Cuando la conversación decaía en noches de ‘cordeleo’ por bares y tabernas alguien proponía que nos jugáramos las rondas a los chinos. Las manos atrás para el trasvase de monedas y puños al medio para el envite. También jugábamos al que más sabe. La consecuencia era que aumentaba el número de rondas y la rapidez para consumirlas. ¡Bebed que os llene!
A últimas horas de la noche solían permanecer casi siempre los mismos clientes en los bares. Veceros de danos la penúltima mientras barrían el local. Un compañero al que le gustaba apurar la velada hasta la hora de cierre y las copas hasta el culo me dijo que cuando en su dilatada época de interino lo destinaban a un pueblo que no conocía le costaba poco trabajo hacer nuevos amigos. Los encontraba de su condición y gustos en el bar a esa hora bruja del remate, cuando el vino levantaba velos y las conversaciones fluían como el agua de lluvia en la pendiente.
A los bares se acudía para relacionarse con la gente, beber, charlar, leer el periódico y jugar. De la charla a la porfía solo mediaban unas copas. En esos casos, alcohol por medio, mejor dejar política y credos aparte. No hacen buenas migas. Cada palo que aguante los suyos y con su pan se los coma. De amoríos y celos en tiempos ya lejanos surgieron peleas con citas fuera del local para dirimir diferencias ¡Los valientes, a la calleja!, decía un sabio y viejo tabernero cuando veía que el vino y la presencia de testigos envalentonaban a los porfiadores.
De juegos ha habido muchos. Aparte de los naipes con sus variadas modalidades y el dominó, he visto echar pulsos, competir en fuerza con un artilugio parecido a una cafetera apretando fuertemente con la mano, echar partidas a los dados. Incluso a las damas y al ajedrez en las horas más tranquilas.
Antes de que llegaran las máquinas tragaperras estuvieron de moda las de bolas niqueladas con las que conseguías partida gratis si alcanzabas cierta puntuación a base de lanzarla contra setas con luces parpadeantes que las repelían y meterlas en oquedades de las que salían despedidas.
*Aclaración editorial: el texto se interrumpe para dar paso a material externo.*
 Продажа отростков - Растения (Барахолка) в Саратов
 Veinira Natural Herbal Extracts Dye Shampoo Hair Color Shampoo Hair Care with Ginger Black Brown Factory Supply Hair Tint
También había máquinas ‘cantaoras’. Si las alegrías infantiles sobre caballitos de madera costaban una moneda de cobre en tiempos de Antonio Machado, en los que me refiero por un duro echaban a volar su fantasía durante unos minutos los acodados en el extremo de la barra. Solitarios que expulsaban por la boca en forma de boquilla de trompeta anillos de Saturno temblorosos, que se deshacían en medio del salón. Era otro juego en el que la imaginación bullía al compás de las canciones. De allí podía salir el acodado, montera en mano por la puerta del Príncipe, con los bracitos en cruz, haciendo brindis al vino y las mujeres o echando el capote al suelo para que pisara la morena de la copla.